Bug 1095179

Summary:	Gluster volume inaccessible on all bricks after a glusterfsd segfault on one brick
Product:	[Community] GlusterFS	Reporter:	psk <spammable>
Component:	replicate	Assignee:	bugs <bugs>
Status:	CLOSED WONTFIX	QA Contact:
Severity:	high	Docs Contact:
Priority:	unspecified
Version:	3.2.5	CC:	bugs, gluster-bugs, spammable
Target Milestone:	---
Target Release:	---
Hardware:	x86_64
OS:	Linux
Whiteboard:
Fixed In Version:		Doc Type:	Bug Fix
Doc Text:		Story Points:	---
Clone Of:		Environment:
Last Closed:	2014-12-14 19:40:33 UTC	Type:	Bug
Regression:	---	Mount Type:	---
Documentation:	---	CRM:
Verified Versions:		Category:	---
oVirt Team:	---	RHEL 7.3 requirements from Atomic Host:
Cloudforms Team:	---	Target Upstream Version:
Embargoed:

Description psk 2014-05-07 09:01:11 UTC

Description of problem:
I'm sharing a volume between two web server.
After a problem on one brick, the volume was unreachable ((107)Transport endpoint is not connected) on the other brick too.

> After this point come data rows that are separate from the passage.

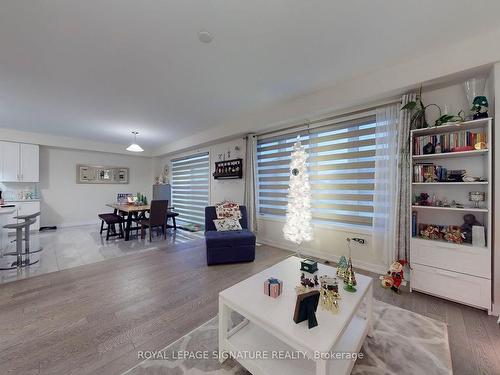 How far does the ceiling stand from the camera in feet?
5.36

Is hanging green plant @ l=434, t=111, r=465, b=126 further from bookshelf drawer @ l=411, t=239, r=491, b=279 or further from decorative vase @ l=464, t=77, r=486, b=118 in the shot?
bookshelf drawer @ l=411, t=239, r=491, b=279

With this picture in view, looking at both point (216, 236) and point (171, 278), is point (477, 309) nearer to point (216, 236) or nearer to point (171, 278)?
point (216, 236)

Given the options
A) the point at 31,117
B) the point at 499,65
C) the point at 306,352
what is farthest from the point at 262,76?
the point at 31,117

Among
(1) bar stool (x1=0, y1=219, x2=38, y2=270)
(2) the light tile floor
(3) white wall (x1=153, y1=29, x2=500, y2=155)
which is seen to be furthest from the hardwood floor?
(3) white wall (x1=153, y1=29, x2=500, y2=155)

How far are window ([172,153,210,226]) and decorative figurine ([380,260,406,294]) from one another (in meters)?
4.63

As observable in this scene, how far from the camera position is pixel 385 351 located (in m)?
1.53

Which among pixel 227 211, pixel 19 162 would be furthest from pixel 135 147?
pixel 19 162

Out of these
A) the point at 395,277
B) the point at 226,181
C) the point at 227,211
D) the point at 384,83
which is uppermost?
the point at 384,83

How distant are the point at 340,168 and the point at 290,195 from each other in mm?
898

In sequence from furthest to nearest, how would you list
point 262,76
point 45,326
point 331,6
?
point 262,76 < point 45,326 < point 331,6

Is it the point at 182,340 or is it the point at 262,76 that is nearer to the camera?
the point at 182,340

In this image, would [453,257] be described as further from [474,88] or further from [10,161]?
[10,161]

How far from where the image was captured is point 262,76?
2.65m

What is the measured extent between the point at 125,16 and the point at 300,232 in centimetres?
327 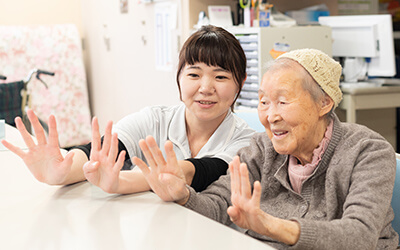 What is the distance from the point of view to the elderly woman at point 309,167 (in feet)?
3.57

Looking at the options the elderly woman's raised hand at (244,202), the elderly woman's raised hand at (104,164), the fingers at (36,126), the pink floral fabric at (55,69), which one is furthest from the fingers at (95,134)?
the pink floral fabric at (55,69)

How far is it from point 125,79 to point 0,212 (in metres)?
3.63

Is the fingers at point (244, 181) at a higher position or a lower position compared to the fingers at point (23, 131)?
lower

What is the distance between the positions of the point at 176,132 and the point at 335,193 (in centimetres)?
65

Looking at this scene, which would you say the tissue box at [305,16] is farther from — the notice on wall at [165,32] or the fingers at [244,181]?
the fingers at [244,181]

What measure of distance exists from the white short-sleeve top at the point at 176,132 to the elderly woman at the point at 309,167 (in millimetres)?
253

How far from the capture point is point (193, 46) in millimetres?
1566

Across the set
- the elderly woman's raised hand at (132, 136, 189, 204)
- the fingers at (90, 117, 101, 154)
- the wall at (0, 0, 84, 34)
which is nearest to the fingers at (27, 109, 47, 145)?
the fingers at (90, 117, 101, 154)

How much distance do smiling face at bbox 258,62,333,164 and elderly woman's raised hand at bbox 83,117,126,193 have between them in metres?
0.38

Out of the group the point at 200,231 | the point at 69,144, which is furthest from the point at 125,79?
the point at 200,231

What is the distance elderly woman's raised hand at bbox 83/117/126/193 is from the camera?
1209 millimetres

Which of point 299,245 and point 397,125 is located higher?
point 299,245

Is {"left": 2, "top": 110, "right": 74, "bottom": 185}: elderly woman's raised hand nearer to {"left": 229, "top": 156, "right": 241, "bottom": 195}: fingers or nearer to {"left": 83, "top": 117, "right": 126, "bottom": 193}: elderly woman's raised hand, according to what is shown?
{"left": 83, "top": 117, "right": 126, "bottom": 193}: elderly woman's raised hand

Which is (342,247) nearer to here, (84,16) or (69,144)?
(69,144)
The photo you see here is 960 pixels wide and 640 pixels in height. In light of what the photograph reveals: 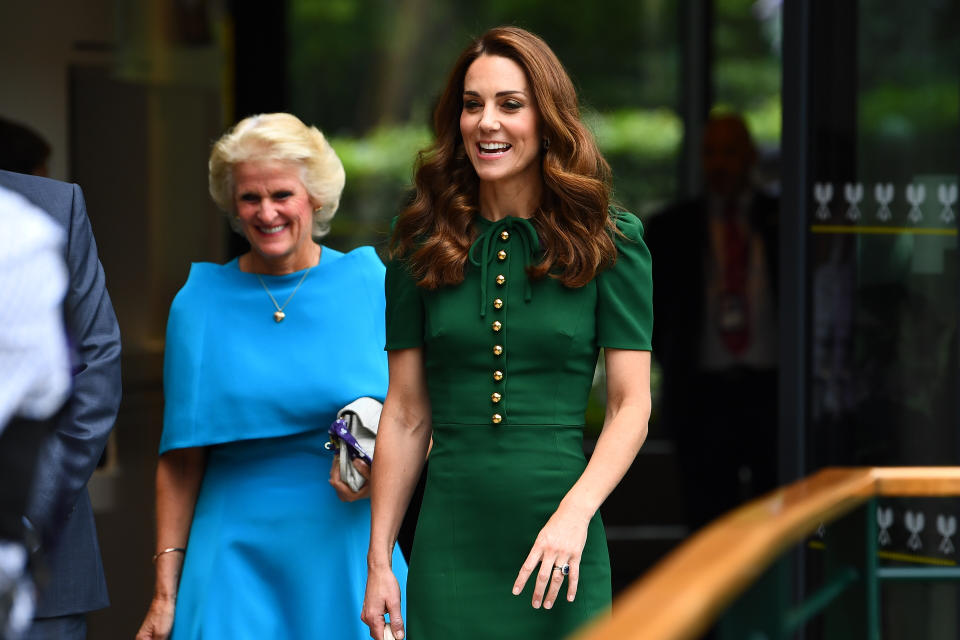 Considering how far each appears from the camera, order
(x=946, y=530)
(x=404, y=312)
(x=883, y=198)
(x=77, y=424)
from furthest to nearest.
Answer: (x=883, y=198) → (x=946, y=530) → (x=404, y=312) → (x=77, y=424)

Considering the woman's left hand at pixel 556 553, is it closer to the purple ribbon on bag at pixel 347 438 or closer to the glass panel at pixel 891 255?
the purple ribbon on bag at pixel 347 438

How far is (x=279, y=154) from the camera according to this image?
10.4 feet

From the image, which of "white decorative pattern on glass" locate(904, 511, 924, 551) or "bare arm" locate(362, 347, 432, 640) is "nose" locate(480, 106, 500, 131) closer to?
"bare arm" locate(362, 347, 432, 640)

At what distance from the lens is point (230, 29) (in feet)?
22.3

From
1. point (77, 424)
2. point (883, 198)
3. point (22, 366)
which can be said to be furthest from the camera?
point (883, 198)

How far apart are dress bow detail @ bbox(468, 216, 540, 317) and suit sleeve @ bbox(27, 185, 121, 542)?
0.62m

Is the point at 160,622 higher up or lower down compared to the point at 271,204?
lower down

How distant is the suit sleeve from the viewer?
7.23ft

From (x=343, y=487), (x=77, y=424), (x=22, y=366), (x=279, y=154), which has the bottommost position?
(x=343, y=487)

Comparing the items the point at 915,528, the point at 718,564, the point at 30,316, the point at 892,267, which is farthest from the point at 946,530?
the point at 30,316

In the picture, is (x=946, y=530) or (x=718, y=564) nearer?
(x=718, y=564)

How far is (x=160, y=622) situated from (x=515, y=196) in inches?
49.9

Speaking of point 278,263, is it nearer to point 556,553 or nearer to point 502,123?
point 502,123

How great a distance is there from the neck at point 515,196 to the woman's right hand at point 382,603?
26.1 inches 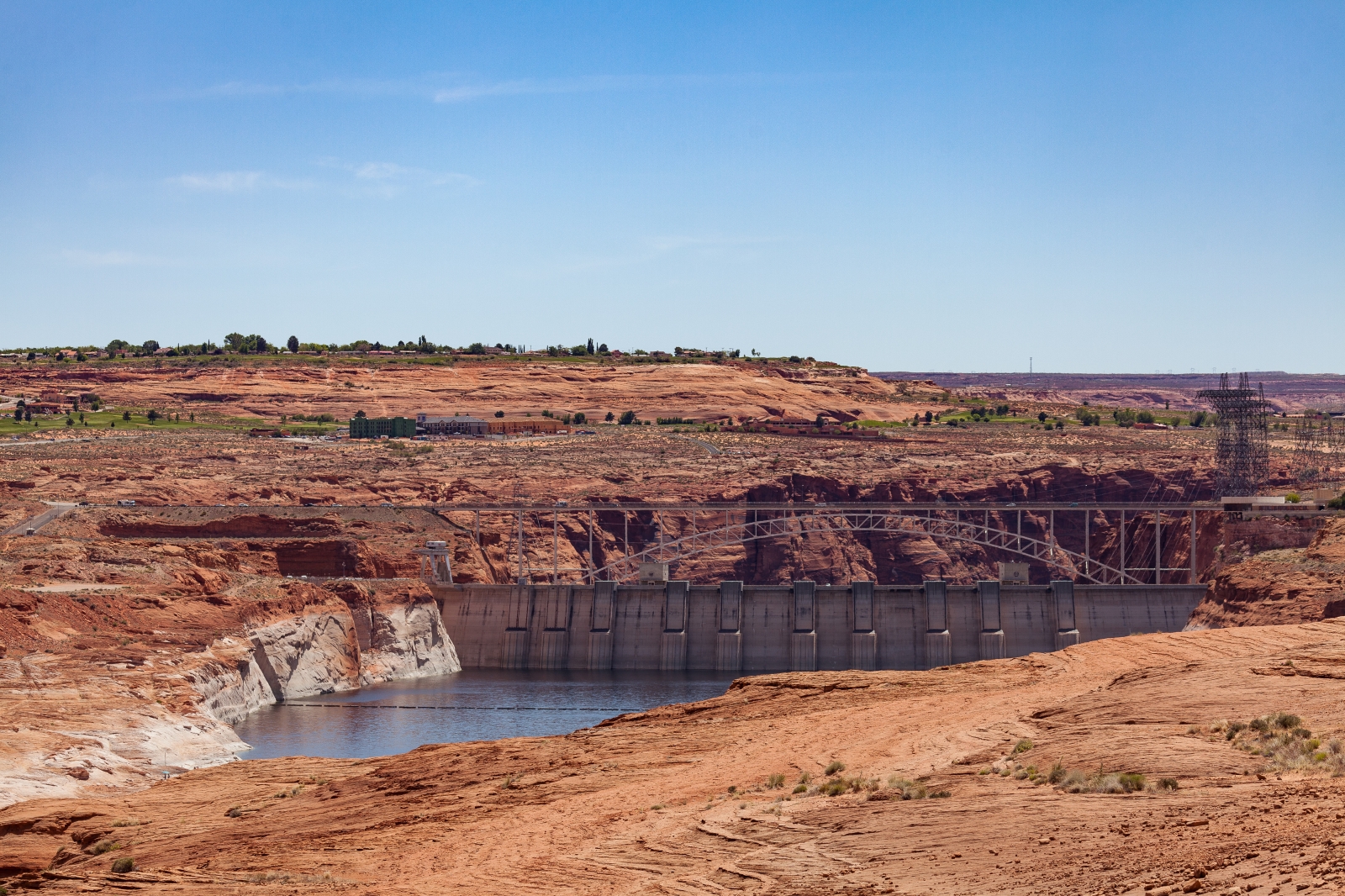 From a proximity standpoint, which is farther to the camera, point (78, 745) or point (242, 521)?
point (242, 521)

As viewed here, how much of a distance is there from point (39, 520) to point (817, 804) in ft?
271

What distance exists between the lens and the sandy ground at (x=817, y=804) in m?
22.7

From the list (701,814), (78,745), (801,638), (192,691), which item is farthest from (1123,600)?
(701,814)

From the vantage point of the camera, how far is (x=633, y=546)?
4840 inches

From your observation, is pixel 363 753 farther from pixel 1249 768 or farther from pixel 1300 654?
pixel 1249 768

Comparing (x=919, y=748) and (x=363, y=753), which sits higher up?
(x=919, y=748)

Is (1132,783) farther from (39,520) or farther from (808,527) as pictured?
(808,527)

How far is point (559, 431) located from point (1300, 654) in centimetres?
13554

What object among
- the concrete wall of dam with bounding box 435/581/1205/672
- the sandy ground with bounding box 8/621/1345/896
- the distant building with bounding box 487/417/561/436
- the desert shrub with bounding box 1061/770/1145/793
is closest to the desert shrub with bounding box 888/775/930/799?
the sandy ground with bounding box 8/621/1345/896

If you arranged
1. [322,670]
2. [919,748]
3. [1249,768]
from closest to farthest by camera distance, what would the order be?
1. [1249,768]
2. [919,748]
3. [322,670]

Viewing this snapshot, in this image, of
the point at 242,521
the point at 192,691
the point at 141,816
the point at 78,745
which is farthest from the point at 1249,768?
the point at 242,521

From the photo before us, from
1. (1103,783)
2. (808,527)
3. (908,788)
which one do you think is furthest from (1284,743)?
(808,527)

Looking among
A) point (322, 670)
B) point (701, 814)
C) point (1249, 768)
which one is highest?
point (1249, 768)

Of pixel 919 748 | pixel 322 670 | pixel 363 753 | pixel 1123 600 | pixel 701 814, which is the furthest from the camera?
pixel 1123 600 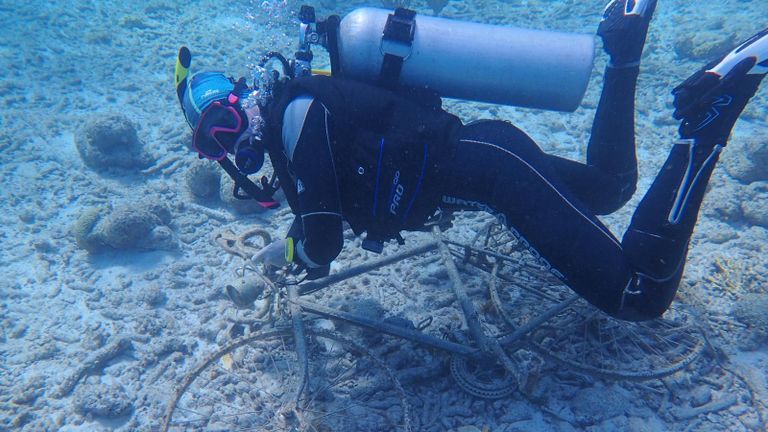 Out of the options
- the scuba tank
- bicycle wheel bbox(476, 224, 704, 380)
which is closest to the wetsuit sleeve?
Result: the scuba tank

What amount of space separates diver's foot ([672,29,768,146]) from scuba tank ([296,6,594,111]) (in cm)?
62

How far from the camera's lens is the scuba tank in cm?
267

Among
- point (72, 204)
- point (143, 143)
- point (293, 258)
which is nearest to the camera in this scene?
point (293, 258)

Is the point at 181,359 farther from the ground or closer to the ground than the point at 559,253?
closer to the ground

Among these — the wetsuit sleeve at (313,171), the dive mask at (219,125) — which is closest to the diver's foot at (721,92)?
the wetsuit sleeve at (313,171)

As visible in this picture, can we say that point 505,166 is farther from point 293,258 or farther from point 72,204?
point 72,204

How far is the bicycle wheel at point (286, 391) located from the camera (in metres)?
2.81

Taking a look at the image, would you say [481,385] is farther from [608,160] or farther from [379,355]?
[608,160]

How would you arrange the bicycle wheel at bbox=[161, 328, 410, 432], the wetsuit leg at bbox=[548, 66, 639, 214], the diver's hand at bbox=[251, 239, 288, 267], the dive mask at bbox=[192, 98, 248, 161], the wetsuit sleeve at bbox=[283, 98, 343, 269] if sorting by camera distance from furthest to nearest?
the wetsuit leg at bbox=[548, 66, 639, 214] → the diver's hand at bbox=[251, 239, 288, 267] → the bicycle wheel at bbox=[161, 328, 410, 432] → the dive mask at bbox=[192, 98, 248, 161] → the wetsuit sleeve at bbox=[283, 98, 343, 269]

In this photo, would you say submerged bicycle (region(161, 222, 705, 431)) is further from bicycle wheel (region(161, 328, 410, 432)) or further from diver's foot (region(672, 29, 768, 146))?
diver's foot (region(672, 29, 768, 146))

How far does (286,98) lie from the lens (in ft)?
8.57

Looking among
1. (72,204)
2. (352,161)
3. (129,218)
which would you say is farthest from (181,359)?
(72,204)

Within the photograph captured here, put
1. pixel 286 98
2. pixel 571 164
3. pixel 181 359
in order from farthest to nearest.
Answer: pixel 181 359, pixel 571 164, pixel 286 98

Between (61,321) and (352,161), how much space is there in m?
3.63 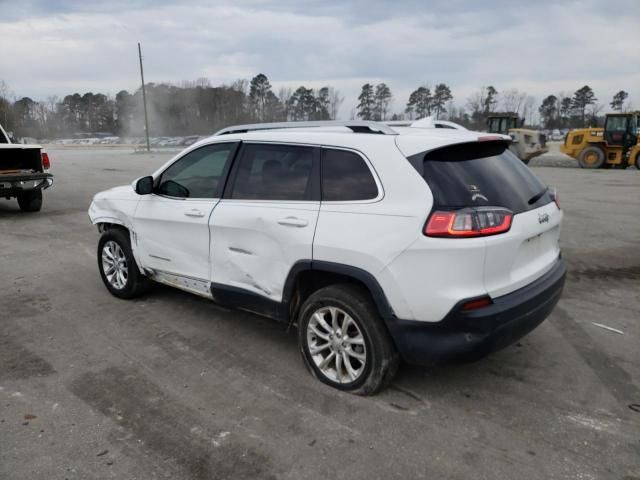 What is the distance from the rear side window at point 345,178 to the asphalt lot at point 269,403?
133 centimetres

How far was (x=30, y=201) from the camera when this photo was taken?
10.9 m

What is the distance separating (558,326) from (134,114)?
94.0 meters

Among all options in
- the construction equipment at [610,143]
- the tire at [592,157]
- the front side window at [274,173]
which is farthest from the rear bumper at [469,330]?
the tire at [592,157]

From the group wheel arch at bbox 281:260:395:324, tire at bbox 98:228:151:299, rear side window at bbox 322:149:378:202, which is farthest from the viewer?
tire at bbox 98:228:151:299

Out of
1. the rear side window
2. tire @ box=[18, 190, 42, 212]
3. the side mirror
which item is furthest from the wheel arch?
tire @ box=[18, 190, 42, 212]

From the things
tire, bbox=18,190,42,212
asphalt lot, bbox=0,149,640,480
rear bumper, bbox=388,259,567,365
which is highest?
rear bumper, bbox=388,259,567,365

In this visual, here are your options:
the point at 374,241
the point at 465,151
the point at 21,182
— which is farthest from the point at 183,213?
the point at 21,182

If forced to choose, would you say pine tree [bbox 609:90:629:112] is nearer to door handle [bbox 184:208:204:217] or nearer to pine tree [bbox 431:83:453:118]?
pine tree [bbox 431:83:453:118]

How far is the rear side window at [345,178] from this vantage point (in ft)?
10.4

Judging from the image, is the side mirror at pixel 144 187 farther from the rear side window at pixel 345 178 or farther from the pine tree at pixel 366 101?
the pine tree at pixel 366 101

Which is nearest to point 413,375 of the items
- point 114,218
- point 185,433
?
point 185,433

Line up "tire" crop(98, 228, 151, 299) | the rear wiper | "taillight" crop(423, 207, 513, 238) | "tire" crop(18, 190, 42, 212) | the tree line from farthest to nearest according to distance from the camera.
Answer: the tree line, "tire" crop(18, 190, 42, 212), "tire" crop(98, 228, 151, 299), the rear wiper, "taillight" crop(423, 207, 513, 238)

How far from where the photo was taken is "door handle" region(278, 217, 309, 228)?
336 cm

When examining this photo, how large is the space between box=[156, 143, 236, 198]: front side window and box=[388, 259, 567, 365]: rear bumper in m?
1.96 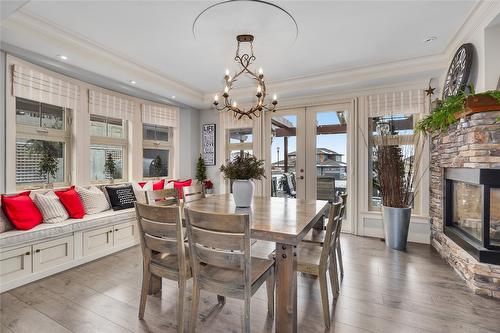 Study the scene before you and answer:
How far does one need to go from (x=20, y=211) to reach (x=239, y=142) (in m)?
3.70

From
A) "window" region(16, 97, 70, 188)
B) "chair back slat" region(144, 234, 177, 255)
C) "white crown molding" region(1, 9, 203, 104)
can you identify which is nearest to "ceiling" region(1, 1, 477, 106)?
"white crown molding" region(1, 9, 203, 104)

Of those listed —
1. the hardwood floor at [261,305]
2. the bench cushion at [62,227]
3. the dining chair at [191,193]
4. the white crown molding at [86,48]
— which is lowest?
the hardwood floor at [261,305]

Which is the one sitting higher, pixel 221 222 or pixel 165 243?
pixel 221 222

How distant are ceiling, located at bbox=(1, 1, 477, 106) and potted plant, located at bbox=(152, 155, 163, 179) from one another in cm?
166

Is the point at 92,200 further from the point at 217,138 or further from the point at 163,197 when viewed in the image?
the point at 217,138

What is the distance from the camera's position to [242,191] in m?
2.47

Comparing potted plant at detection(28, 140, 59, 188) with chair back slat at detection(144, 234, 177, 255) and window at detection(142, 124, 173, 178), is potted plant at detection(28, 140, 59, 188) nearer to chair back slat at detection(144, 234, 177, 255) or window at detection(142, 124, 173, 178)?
window at detection(142, 124, 173, 178)

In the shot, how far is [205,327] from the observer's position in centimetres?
188

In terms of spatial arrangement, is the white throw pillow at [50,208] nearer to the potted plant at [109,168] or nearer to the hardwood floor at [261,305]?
the hardwood floor at [261,305]

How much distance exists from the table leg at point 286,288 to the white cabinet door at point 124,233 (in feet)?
8.76

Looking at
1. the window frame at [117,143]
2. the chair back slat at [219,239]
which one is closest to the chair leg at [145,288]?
the chair back slat at [219,239]

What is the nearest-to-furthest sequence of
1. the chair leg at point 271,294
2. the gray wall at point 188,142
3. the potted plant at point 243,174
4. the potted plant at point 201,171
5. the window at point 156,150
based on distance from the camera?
the chair leg at point 271,294, the potted plant at point 243,174, the window at point 156,150, the gray wall at point 188,142, the potted plant at point 201,171

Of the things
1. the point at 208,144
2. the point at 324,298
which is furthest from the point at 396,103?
the point at 208,144

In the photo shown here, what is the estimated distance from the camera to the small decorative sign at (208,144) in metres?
5.64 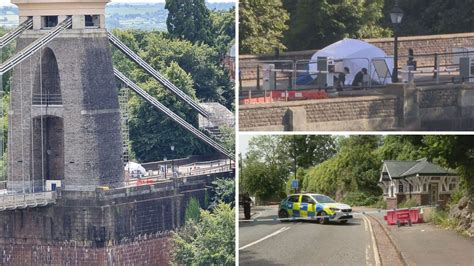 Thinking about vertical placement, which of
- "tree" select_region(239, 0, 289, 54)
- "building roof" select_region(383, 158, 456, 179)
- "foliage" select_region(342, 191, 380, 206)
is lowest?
"foliage" select_region(342, 191, 380, 206)

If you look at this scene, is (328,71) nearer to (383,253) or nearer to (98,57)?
(383,253)

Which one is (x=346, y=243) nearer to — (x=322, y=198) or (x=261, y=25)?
(x=322, y=198)

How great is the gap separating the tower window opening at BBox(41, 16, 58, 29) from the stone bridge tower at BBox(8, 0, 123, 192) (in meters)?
0.01

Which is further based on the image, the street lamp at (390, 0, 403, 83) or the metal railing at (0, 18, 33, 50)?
the metal railing at (0, 18, 33, 50)

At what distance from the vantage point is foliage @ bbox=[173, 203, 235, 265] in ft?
70.0

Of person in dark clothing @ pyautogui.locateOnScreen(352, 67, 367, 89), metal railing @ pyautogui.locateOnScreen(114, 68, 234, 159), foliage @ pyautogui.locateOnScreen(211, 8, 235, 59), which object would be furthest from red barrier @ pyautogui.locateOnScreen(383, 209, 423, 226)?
foliage @ pyautogui.locateOnScreen(211, 8, 235, 59)

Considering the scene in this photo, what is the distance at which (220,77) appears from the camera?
82.9 ft

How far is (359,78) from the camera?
1411 centimetres

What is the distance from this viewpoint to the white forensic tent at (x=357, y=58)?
1441 centimetres

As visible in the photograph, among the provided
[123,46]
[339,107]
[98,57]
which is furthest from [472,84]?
[123,46]

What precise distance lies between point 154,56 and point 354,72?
10.9 m

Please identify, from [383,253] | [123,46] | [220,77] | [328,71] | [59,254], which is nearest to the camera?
[383,253]

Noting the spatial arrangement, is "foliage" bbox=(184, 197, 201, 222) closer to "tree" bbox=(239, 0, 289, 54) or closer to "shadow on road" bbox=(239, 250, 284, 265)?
"tree" bbox=(239, 0, 289, 54)

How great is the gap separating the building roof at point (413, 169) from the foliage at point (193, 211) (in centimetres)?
1254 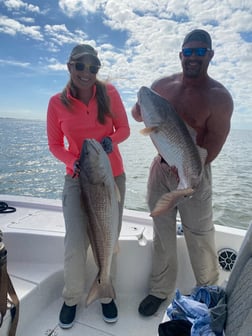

Impossible to umount/mount/restart glusterfsd, i had to reboot the two server. This happened tree time this week (after more than two years running perfectly).
For the history, I was used to mount partitions using "glusterfs" as fstype. Four months ago, I switched to "nfs" as fstype for mounting partition, but we discovered a lot of NFS Stale files during last weeks, so, we switched back to "glusterfs" this week. Since we switched, one server (always the same) has crashed tree times.
For me crash can happen, but entire volume hang is a problem.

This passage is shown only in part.